Recently, experimental studies have shown that exogenously administered adrenomedullin induces pulmonary vasodilatation in rats and cats.7-9 We and others have shown that short term infusion of adrenomedullin ameliorates pulmonary hypertension secondary to congestive heart failure,10 ,11 and that long term infusion attenuates progressive pulmonary hypertension and medial thickening of the pulmonary arteries in rats treated with monocrotaline.12 In addition, adrenomedullin infusion has been shown to reduce plasma aldosterone in patients with congestive heart failure.10 ,11 In humans, however, it remains unknown whether exogenous adrenomedullin has beneficial effects in patients with precapillary pulmonary hypertension such as primary or chronic thromboembolic pulmonary hypertension.
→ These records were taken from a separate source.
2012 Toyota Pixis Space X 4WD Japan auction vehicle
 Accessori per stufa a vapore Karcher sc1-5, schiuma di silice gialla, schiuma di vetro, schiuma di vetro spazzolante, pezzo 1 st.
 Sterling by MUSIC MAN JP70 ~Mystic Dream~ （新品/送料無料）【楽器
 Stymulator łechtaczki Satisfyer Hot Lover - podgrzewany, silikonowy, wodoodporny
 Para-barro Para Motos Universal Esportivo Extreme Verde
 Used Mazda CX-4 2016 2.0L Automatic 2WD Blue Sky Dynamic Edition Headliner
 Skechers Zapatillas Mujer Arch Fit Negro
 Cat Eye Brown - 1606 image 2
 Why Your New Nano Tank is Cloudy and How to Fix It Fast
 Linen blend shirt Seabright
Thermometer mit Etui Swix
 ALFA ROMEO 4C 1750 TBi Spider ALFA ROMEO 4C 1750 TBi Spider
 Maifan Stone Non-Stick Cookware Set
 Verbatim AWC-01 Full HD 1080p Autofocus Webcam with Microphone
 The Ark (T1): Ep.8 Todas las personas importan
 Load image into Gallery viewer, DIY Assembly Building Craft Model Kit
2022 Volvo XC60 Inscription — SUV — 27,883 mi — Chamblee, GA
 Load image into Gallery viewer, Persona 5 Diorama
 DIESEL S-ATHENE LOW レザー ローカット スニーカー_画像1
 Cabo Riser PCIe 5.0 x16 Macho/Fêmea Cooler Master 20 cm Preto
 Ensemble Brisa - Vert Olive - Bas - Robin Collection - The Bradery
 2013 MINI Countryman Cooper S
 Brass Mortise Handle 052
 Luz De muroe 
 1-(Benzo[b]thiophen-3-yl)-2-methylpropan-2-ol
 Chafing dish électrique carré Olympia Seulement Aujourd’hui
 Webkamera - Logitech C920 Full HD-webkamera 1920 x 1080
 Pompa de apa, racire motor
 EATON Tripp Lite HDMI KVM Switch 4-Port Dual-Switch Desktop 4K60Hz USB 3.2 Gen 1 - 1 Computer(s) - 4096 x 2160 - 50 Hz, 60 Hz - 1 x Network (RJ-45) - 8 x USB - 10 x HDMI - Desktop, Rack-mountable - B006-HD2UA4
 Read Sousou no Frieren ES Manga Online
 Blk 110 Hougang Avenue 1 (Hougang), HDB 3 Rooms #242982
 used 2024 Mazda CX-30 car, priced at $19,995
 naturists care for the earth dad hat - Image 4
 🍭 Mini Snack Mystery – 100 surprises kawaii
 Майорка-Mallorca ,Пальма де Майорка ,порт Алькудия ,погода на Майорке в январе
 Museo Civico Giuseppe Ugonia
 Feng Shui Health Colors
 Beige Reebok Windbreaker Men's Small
Our aim in this study was thus to investigate the haemodynamic and hormonal effects of intravenous infusions of adrenomedullin in patients with precapillary pulmonary hypertension in a randomised, placebo controlled fashion.
We studied 13 patients with precapillary pulmonary hypertension (mean pulmonary arterial pressure ⩾ 25 mm Hg, six men and seven women; mean (SD) age 51 (5) years). In seven patients the pulmonary hypertension was primary, in five there was chronic thromboembolic pulmonary hypertension, and one had residual pulmonary hypertension after correction of an interatrial shunt. All patients had a thorough evaluation to identify the cause of their pulmonary hypertension; investigations included chest radiography, lung scanning, pulmonary function tests, Doppler echocardiography, and cardiac catheterisation, according to the protocol of the National Institutes of Health registry on primary pulmonary hypertension.13 Patients with chronic renal impairment (serum creatinine ⩾ 177 μmol/l) or systolic blood pressure < 100 mm Hg, or both, were excluded.
Study patients were randomised to receive an intravenous infusion of adrenomedullin (adrenomedullin group, n = 7) or placebo (placebo group, n = 6). There was no significant difference in demographic, clinical, or haemodynamic data at baseline between the two groups (table 1). All cardiovascular drugs were withdrawn at least 24 hours before beginning the study protocol. The study was approved by the ethics committee of the National Cardiovascular Centre, and all patients gave written informed consent.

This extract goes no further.